I dispositivi come smartphone, tablet, forni a microonde, router Wi-Fi emettono radiazioni elettromagnetiche associate alle radiofrequenze o alle microonde a bassa intensità e alta frequenza (da 300 MHz a 300 GHz). Elettrodotti e dispositivi elettrici sono fonti di campi elettromagnetici (principalmente magnetici per elettrodotti e trasformatori) e di radiazioni di frequenze più basse (50 Hz) ma di intensità più elevate.

In accordo con l’OMS1, i campi elettromagnetici di tutte le frequenze rappresentano uno degli inquinanti più comuni ed in veloce aumento nell’ambiente. Tutte le popolazioni sono esposte a vari gradi ai campi elettromagnetici, i livelli di intensità dei quali cresceranno continuamente con gli attuali sviluppi tecnologici. Numerose evidenze scientifiche hanno dimostrato la capacità dei CEM di indurre modificazioni biologiche su cellule e organismi viventi, compreso l’uomo.

Le ricerche svolte in laboratorio sugli animali hanno dimostrato che campi alla frequenza di rete (50 Hz) sono “co-promotori” del cancro: in presenza di un agente carcinogeno ambientale ne favoriscono lo sviluppo (Soffritti et al., 2016a).

Le multinazionali delle telecomunicazioni sostengono che le radiazioni 5G saranno per lo più assorbite sulla superficie del corpo, nei primi 1 o 2 mm.
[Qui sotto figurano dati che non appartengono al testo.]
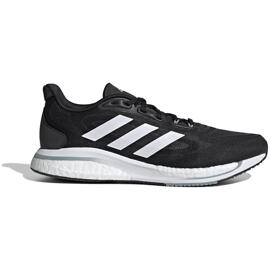 Laufschuhe adidas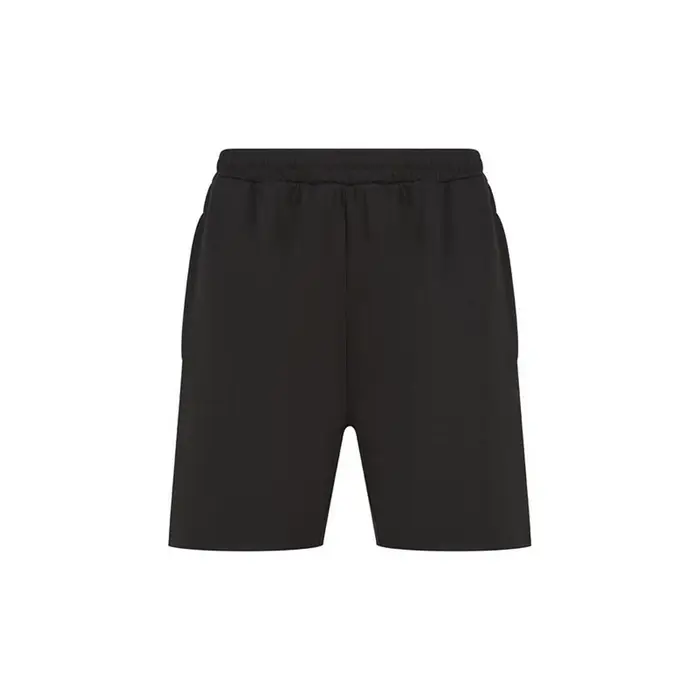 Finden & Hales Shorts RW9080 Nero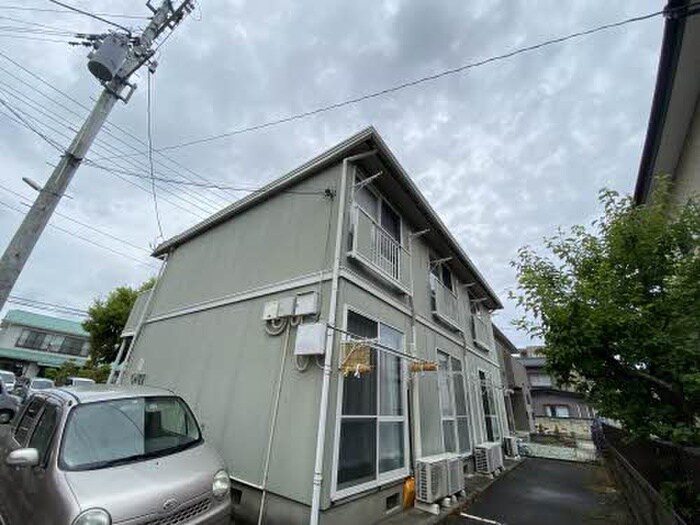 物件外観写真3　(その他)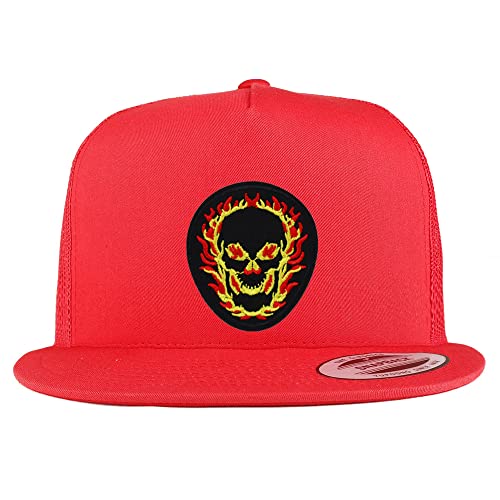AP0054-FLX-6006-RED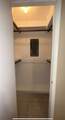 1410 Blalock Road - Photo 8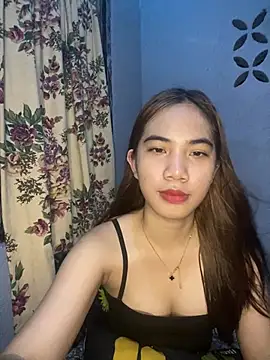 Shy SexyLady online show from 04-04-26, 11:51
Questi effetti di superficie del 5G avranno inevitabilmente forte impatto sugli organismi con rapporti superficie/volume elevati quali artropodi, uccelli, piccoli mammiferi e anfibi. Molti animali come pesci e uccelli migratori e mammiferi marini dipendono dal campo magnetico terrestre oltre che dal Sole per orientarsi. L’incremento esponenziale dei campi elettromagnetici, già accusati di varie morie di massa, potrebbero determinare una grave perdita di biodiversità a causa di errori nelle migrazioni o negli spostamenti ciclici alla ricerca di cibo e luoghi di riproduzione. I campi elettromagnetici terrestri hanno un possibile impatto su tutte le forme viventi acquatiche stante la possibilità che determinate frequenze possono penetrare e alterare le condizioni fisiche delle acque.
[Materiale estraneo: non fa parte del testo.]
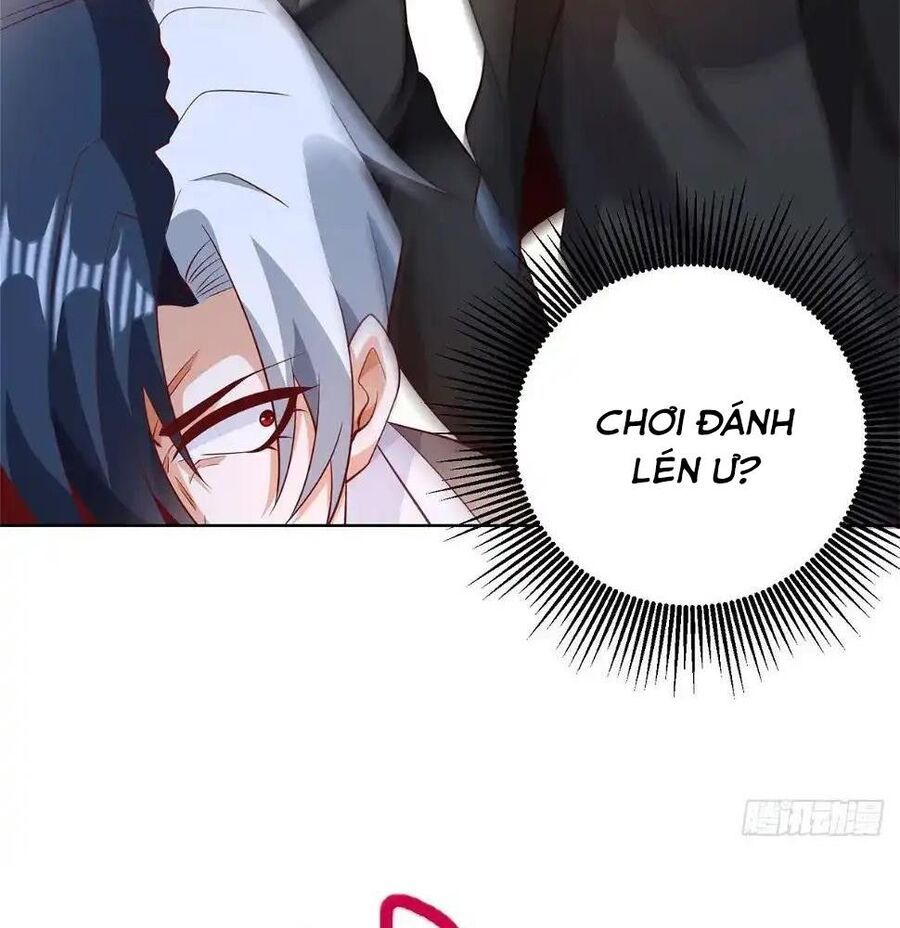 Phản Diện Mạnh Nhất Chap 93 - Next Chap 94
Sono potenzialmente sensibili anche le piante e i grandi alberi, perché hanno foglie e organi riproduttivi altamente esposti. Alcuni prevedono un aumento del rischio incendi perché le esposizioni a campi elettromagnetici rendono le piante molto più infiammabili (Pall, 2019).

Nonostante i richiami all’incertezza “riguardo alle conseguenze di un uso molto intenso” e agli “effetti a lungo termine dell’uso del cellulare iniziato da bambini e di un’eventuale maggiore vulnerabilità a questi effetti durante l’infanzia”, le conclusioni del rapporto ISTISAN 19/11 (“i dati ad oggi disponibili suggeriscono che l’uso comune del cellulare non sia associato all’incremento del rischio di alcun tipo di tumore cerebrale”) appaiono inadeguate e pericolosamente tranquillizzanti in merito al possibile rapporto tra utilizzo di cellulare e insorgenza di cancro.